As the shadow banking system grew, our system failed to require real transparency, sufficient capital or meaningful oversight. Rapid growth in key markets hid misaligned incentives and underlying risk. Financial innovation often outpaced the capacity of managers, regulators and markets to understand new risks and adjust. Throughout our system we had increasingly inadequate capital buffers – as both market participants and regulators failed to account for new risks appropriately. Short-term rewards in new financial products and rapidly growing markets overwhelmed or blinded private sector gatekeepers, and swamped those parts of the system that were supposed to mitigate risk. Consumer and investor protections were weakened and households took on risks that they often did not fully understand and could ill-afford.
Rising home and other asset prices had helped to feed the financial system’s rapid growth, and to hide declining underwriting standards and other underlying problems in the origination and securitization of mortgage loans. When home prices began to flatten, and then to decline, fault lines were revealed. The asset implosion in housing led to cascades throughout the financial system, and then to contagion from weaker firms to stronger ones. Failures in the shadow banking system fed failures in the more regulated parts of the banking system. And then, in the fall of 2008, credit markets froze.
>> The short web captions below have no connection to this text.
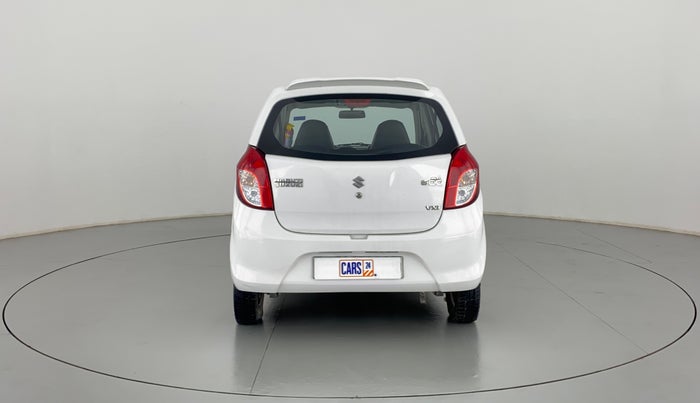 2014 Maruti Alto 800 VXI, CNG, Manual, 62,381 km, Back/Rear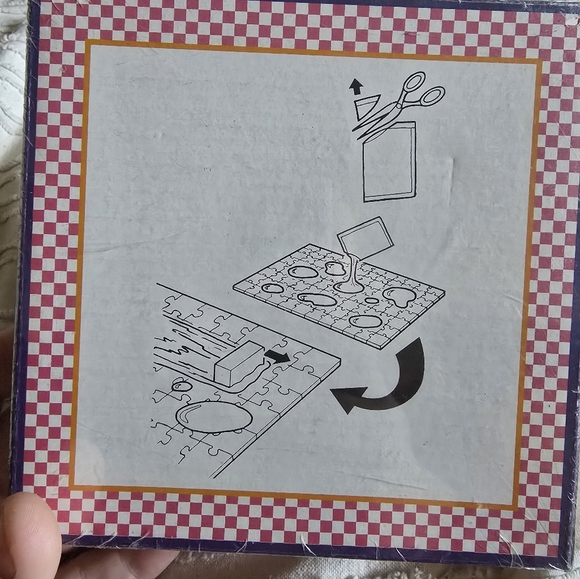 Sailor moon puzzle sealed - Picture 2 of 2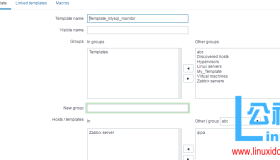 Zabbix自动发现MySQL端口并监控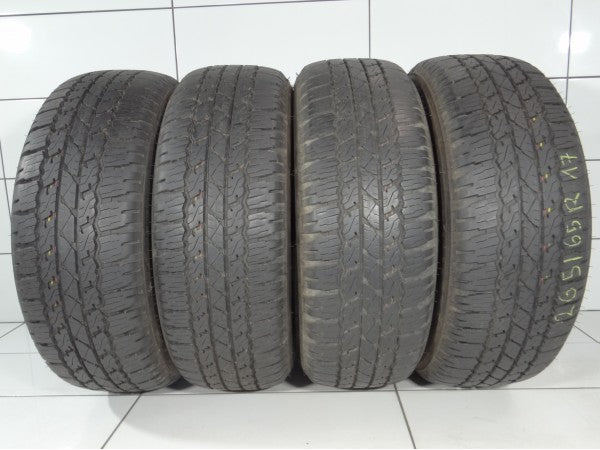 BRIDGESTONE DUELER A/T 693 III 265/65R17 112 S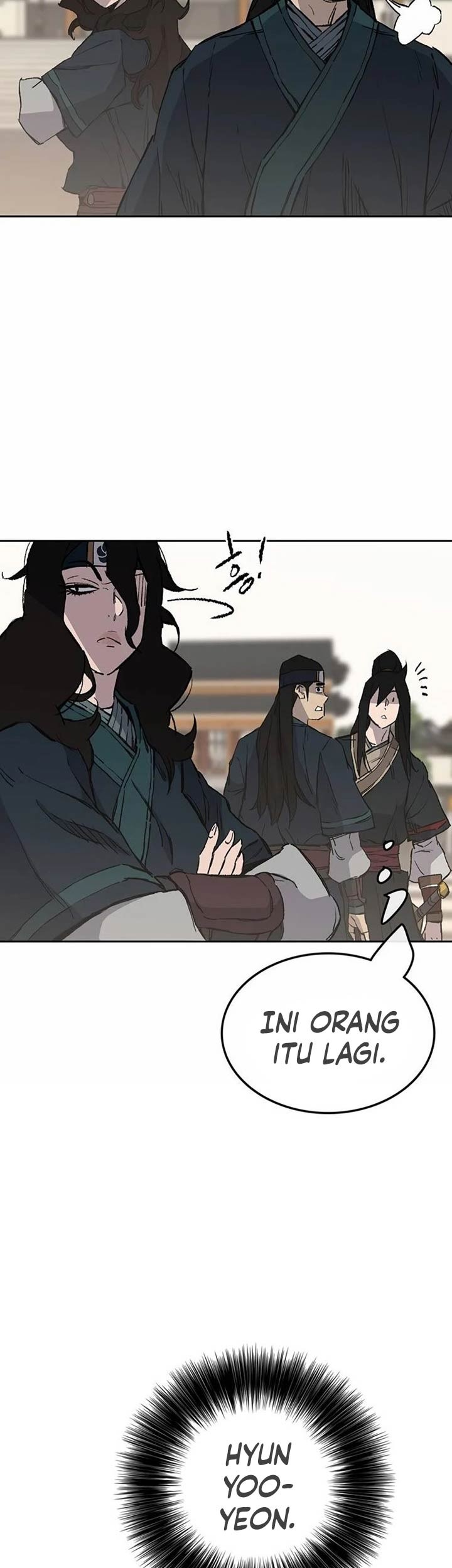 The Undefeatable Swordsman Chapter 90 Gambar 50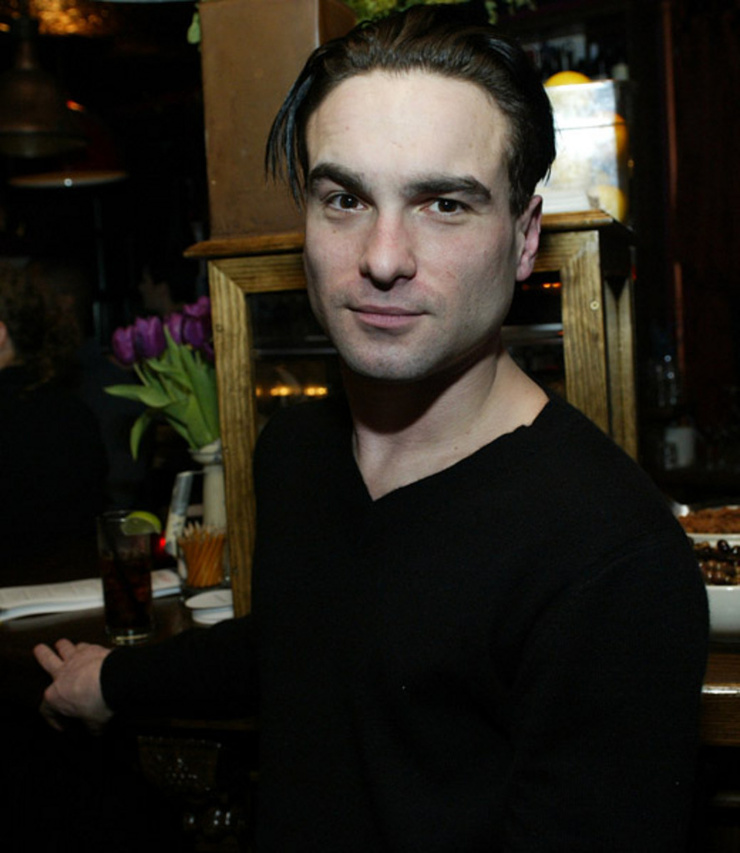 Johnny Galecki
The over-reliance on short-term financing, opaque markets and excessive-risk taking that had been the source of significant profit on Wall Street and in financial capitals globally, fanned a panic that nearly collapsed the global financial system.
The major U.S. investment banks merged, failed, or sought a life-line from the Federal Reserve as newly converted bank holding companies. The federal government injected capital into major commercial banks shaken in the aftermath of the collapse of Lehman Brothers. The FDIC put in place guarantees across the entire banking system. The Federal Reserve pumped liquidity into the financial system to halt further economic collapse. A dangerous run on money market mutual funds was halted by guarantee and liquidity programs set up by Treasury and the Federal Reserve. Congress enacted a major stimulus plan to keep the economy from cratering.
Yet stabilizing the financial sector did not address the failures that led to the crisis. Further action was necessary to restore discipline to our financial markets, adequate protections to consumers and investors, and the market’s long-term ability to generate economic growth for future generations of Americans. The test of whether a financial system works is whether it does a reasonable job of channeling savings to finance future innovation and growth. The test is whether it protects consumers and investors. And the test is also whether it can do so while supporting, not harming, the economy. In the lead up to 2008, our system failed that test.